TEOG'un kaldırılmasından sonra yerine getirilecek yeni sistemi düzenleyen Millî Eğitim Bakanlığı Ortaöğretim Kurumları Yönetmeliğinde Değişiklik Yapılmasına Dair Yönetmelik, 14 Şubat 2018 tarihli Resmi Gazetede yayımlandı.

Yönetmeliğin geçici maddesini okuyanlar, TEOG'un halen sekizinci sınıfta okuyanlar için bu yıl da uygulanacağı sonucunu çıkardı. Başka bir deyişle, yeni sınav sistemi, önümüzdeki eğitim öğretim yılından itibaren yürürlüğe girecekti. Buna ilişkin haberlerin yer alması üzerine Milli Eğitim Bakanlığı Müsteşarı, sosyal medya hesabından açıklama yaparak, bu tür haber yapanları "okuduklarını anlamamakla" suçladı...

Neresinden bakarsanız tutarsız... Hatta garabet...

Yayımlanan yönetmelik çok muğlak, anlaşılması güç ve karmaşık bir dille kaleme alındı...  

Yönetmeliği ilk okuduğumda halen sekizinci sınıfta okuyanlar için yeni sınav sisteminin uygulanmayacağı, yine TEOG'un yapılacağı sonucunu çıkardım... Türkiye'de az çok hukuk okumuş, eğitimle ilgilenen herkes de aynı sonucu çıkardı...
Milli Eğitim Bakanı ve Müsteşar ise aksini söylüyor...

O zaman asıl sorulması gereken soru şudur; 

Koskoca Milli Eğitim Bakanlığında, 15 maddelik bir yönetmelik değişikliğini anlaşılır bir dille yazacak bir adam yok mu?

Bazı ifadeler gözden kaçmış olabilir, karmaşıklığa sebebiyet verilmiş de olabilir...

İnsanlık hali, hatadır kabul edilebilir...

Bu karmaşıklığa yol açanların istifa etmeleri bizim alışmadığımız bir durum... Ama en azından hatalarını kabul edip, özür dilemeleri gerekmez mi?
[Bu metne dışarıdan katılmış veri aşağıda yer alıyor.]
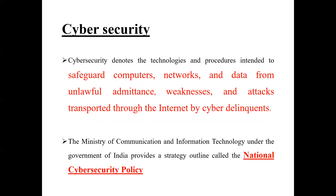When we talk about cyberspace, we know that everything comes with pros and cons. Our online facilities bring a lot of risks. So what is required is cyber security — that means our online security. Cyber security denotes the technologies and procedures that safeguard our computers, networks, and data from unlawful access. Unlawful means that which is against legal rules — weaknesses, attacks, and threats transported through the internet by cyber delinquents.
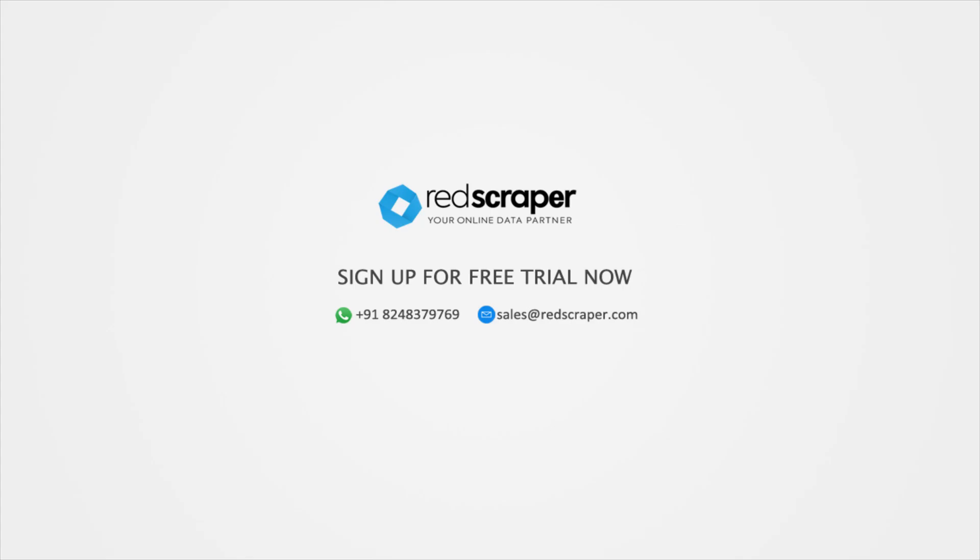What are you waiting for? Download free trial now and start extracting emails from your Microsoft Outlook.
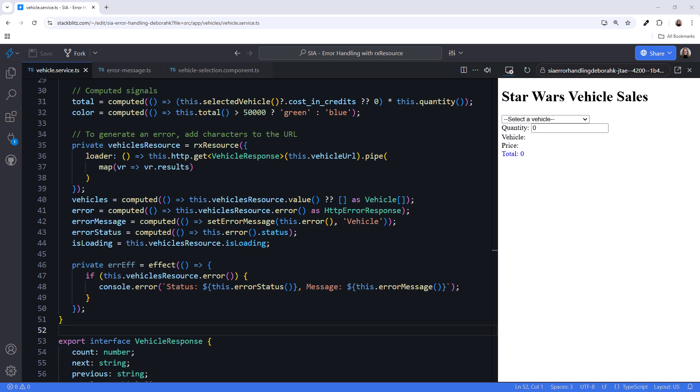Okay, let's go through the code line by line, starting with line 35. Line 35: Private VehiclesResource equals RxResource. Line 36: Loader equals greater than this. Please explain the code, not read the code.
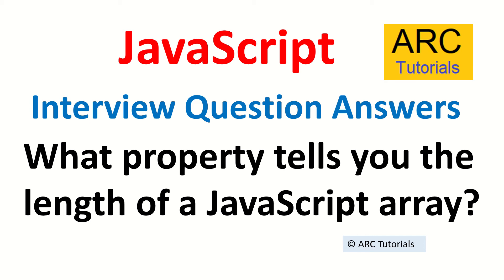junior or mid-level developer. You are bound to be asked this, or this question is an entry point into asking questions about arrays. So you should know these basic fundamentals which every developer should be aware of and should know. So the question again: what's the property which tells you the length of a JavaScript array?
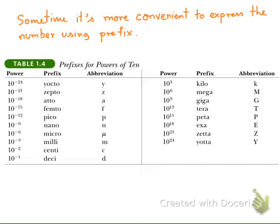This table gives you the prefixes that you must be familiar with. For example, kilo means one thousand. Giga means ten to the nine, which is one thousand million or one billion. Centi means one hundredth part. Milli means one thousandth part. Micro means one millionth part. So we use these prefixes frequently in our calculations, so try to be familiar with them.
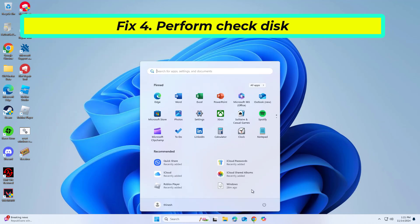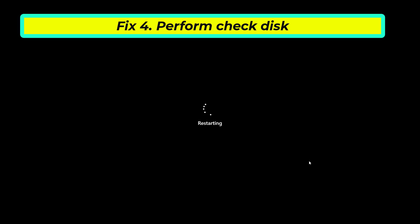Close down Command Prompt and restart your computer. After a restart, Windows will begin to scan your disk. After your system boots back up, you can find the results in the Event Viewer.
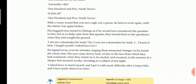'One Hundred and Five, North Tower.' With a weary sound that was not a sigh nor a groan, he bent to work again until the silence was again broken. So with a weary sound, his sound was very sad, it was not a deep breath or a groan, but he bent to work, that means he again started to find his own work until they repeated the question and the silence was again broken.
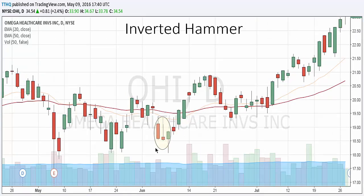Also, there should be a long upper shadow which should be at least twice the length of the real body. You can see here on this inverted hammer — we open the day here, we get this strong run up which creates this long upper shadow, and it should be twice the length of the body. Then we sell off and we close at the end of the day near the low of the day. So you can see we get this choppy motion here, and we get this inverted hammer.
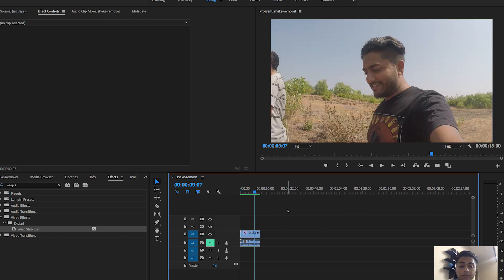That's how you can get smoother videos and remove the shake from your footage. That was a quick tutorial on how to get rid of shaky footage. I hope you liked this video. Don't forget to like this video and subscribe to my channel because more videos are coming every week. See you guys in the next one. Bye-bye.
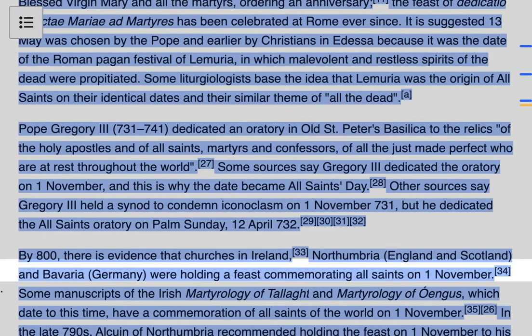By 800 there is evidence that churches in Ireland, Northumbria, England, Scotland, and Germany were holding a feast commemorating All Saints on the 1st of November. Some manuscripts of the Irish Martyrology and the Martyrdom of Oingus, dating to this time, have a commemoration of All Saints of the World on the 1st of November. In the late 790s, Alcuin of Northumbria recommended holding the feast on the 1st of November to his friend Arnold of Salzburg in Bavaria. Alcuin then used his influence with Charlemagne to introduce the Irish-Northumbrian feast of All Saints to the Frankish kingdom.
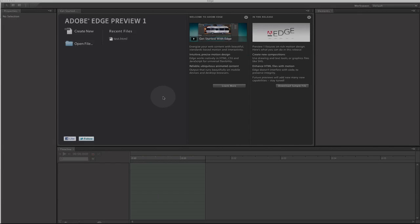Hey everyone, welcome back to MyAppleZone and in this video I'm going to give you a quick tutorial of Adobe Edge Preview 1 that Adobe just released today. You can download it for free. It is a preview release. The link is in the description.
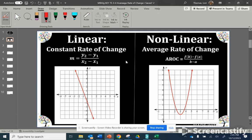Guys, let's talk about the steepness of a line between two points. When we talk about the steepness of a line of a linear function, like we have here on the left, we call this a constant rate of change, or slope.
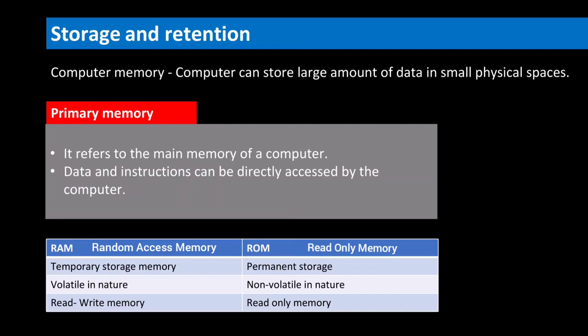A computer has built-in memory where it stores data and information. Memory is classified into primary memory, secondary memory and cache memory. The term primary memory refers to the main memory of a computer system. There are two types of primary memory: random access memory and read-only memory.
Özürden de vazgeçtik, hiç olmazsa "yanlış yaptık düzeltelim" deseler olmaz mıydı?

Siz üç satır yazı yazamayacaksanız... Yazdıklarınızı herkes farklı anlayacak, tamamen ters yorumlayacak...

Sonra da insanları, okuduklarını anlamamakla suçlayacaksınız...

Okumayı biliyorsunuz belki ama siz bir de yazmayı öğrenin...

Üç beş maddelik yönetmelik değişikliğini yazamayanlar, milli eğitimi yönetiyor...

Milli eğitimimizin içinde bulunduğu garabetin resmidir... 

****
Öfkelenince niçin bağırırız?

Hintli bir eğitimci, öğrencileri ile gezinirken Ganj Nehri kenarında birbirlerine öfke içinde bağıran bir aile görür.

Öğrencilerine dönüp; "İnsanlar neden birbirlerine öfke ile bağırırlar?" diye sorar.

Öğrencilerden biri; "Çünkü sükûnetimizi kaybederiz" cevabını verir.

"Ama öfkelendiğimiz insan yanı başımızdayken neden bağırırız? O kişiye söylemek istediklerimizi daha alçak  bir ses tonu ile de aktarabilecekken niye bağırırız?" diye tekrar sorar.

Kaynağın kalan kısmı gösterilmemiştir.